The 1960s as an epoch in US history is often portrayed as somewhere between rebellious and seditious, with images of a psychedelic and drug culture, young people shouting at authority figures, violent police confrontations with demonstrators. It is widely seen as ending culturally and politically in the early 1970s with police killings and beatings of Kent State University protesters and withdrawal of the US military from Vietnam.

However, Paul Simon’s eight-year recording career leading up to There Goes Rhymin’ Simon, the 1973 LP containing "American Tune" -- most of it as songwriter/guitarist/vocalist of the immensely popular Simon & Garfunkel duet -- did not share those characteristics. To the extent that Simon’s songs commented on social or political matters, they were more subtle, insightful, even literary, than hard-hitting or revolutionary. "American Tune" reached #35 on the charts, but two pop hits from Rhymin’ Simon reached #2. "American Tune" is more of a melodic-lyrical masterpiece than a political anthem like Bob Dylan’s "Blowin’ in the Wind," Stephen Stills’ "For What It’s Worth," or John Lennon’s "Imagine." Simon doesn’t urge the listener to rebel or work for any particular change. Rather, he says things are headed in the wrong direction, we’re not sure why, and it’s going to be all right. The ironic edge to "But it's all right" little appeases the listener who might prefer a targeted attack.

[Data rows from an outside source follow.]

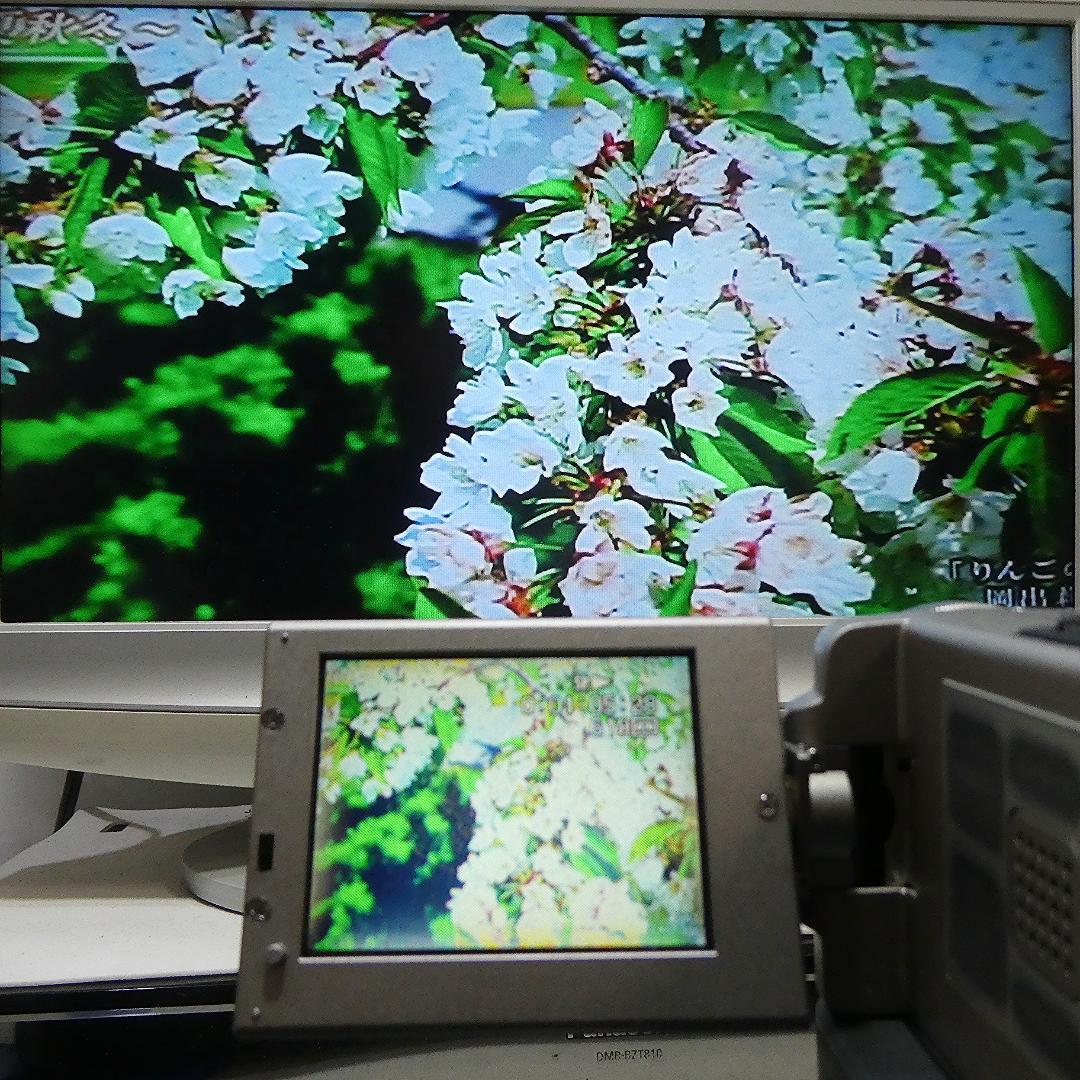 動作品 ソニー DCR-PC7 MiniDV ビデオカメラ ダビングに最適 !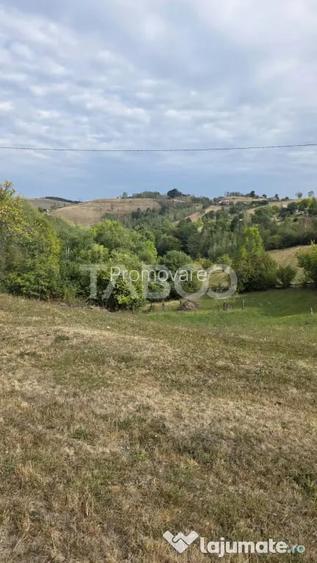 Teren de vanzare 8.300 mp Plesi Loman judetul Alba - Plesi (Alba)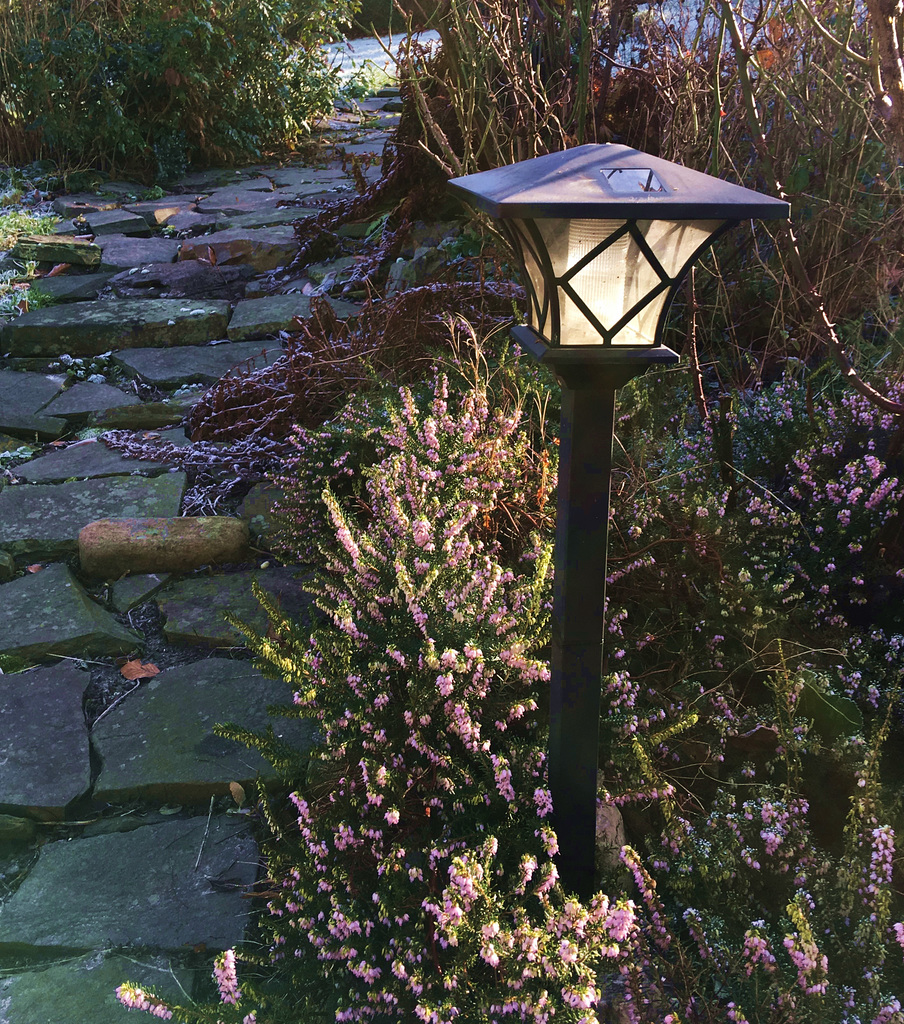 Petite gelée au jardin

Simon’s early adulthood witnessed the assassinations of John F. Kennedy, Robert F. Kennedy, and Martin Luther King, Jr. All three represented aspects of the American dream defined as individual liberty, equality under the law, freedom from oppression, and opportunity to better oneself materially. King of course is most famous for his "I Have a Dream" speech. Many people have their individual, idiosyncratic dreams, but it is hard not to think of the shattering of dreams in Simon’s lyric as referring to those tragic events, an unjust and even criminal war, and corrupt and even criminal government. Millions of Americans experienced those events intensely at a personal and political level.

Dream on…

This song came along not only at the cusp of a politically tumultuous stretch, but, unbeknownst to anyone at the time, at the start of a massive retreat from organized political activity toward self-betterment as a requirement to enter the political world. The shift probably arose more from frustration with attempted political solutions and movement of young political activists from college into the working world than from popular music. But "American Tune" reflected and abetted the change rather than strive to stem the tide. It doesn’t exactly promote complacency, though. It says we must remain vigilant and figure out what’s going on, but we’re going to have to keep democracy alive while making a living -- so we’d better get our Z's.

"American Tune" derives its melody and chord progression from a hymn best known as a Bach composition but predating Bach. The tune sounds like a hymn even if we don’t know that -- at an aesthetic level suggesting we locate a spiritual dimension to the lyric. Rather than "a person" or "anyone," the opening line says the singer doesn’t know "a soul who’s not been battered" -- a human being in spirit, not just in flesh. The more closely we consider the song, the more we link its personal, political, and spiritual aspects.

Those are all eternal human dimensions. We see them interacting with each other today, when a critical mass of the populace might be shifting back from self-improvement and individual spiritual searching toward political participation if record individual contributions to presidential candidates, record voter registration, and record campaign-speech turnouts are any indication. Our time is not so much one of protest as of wondering what went wrong and who might be able to fix it. With unemployment rising, tomorrow might not be "another working day" for as many people as yesterday, but millions are also working more than one job yet living below the poverty line. There’s much work to do. We don’t know if it will be all right or whether we’ll be forever blessed, but we can be sure we’ll need plenty of rest to do what needs to be done.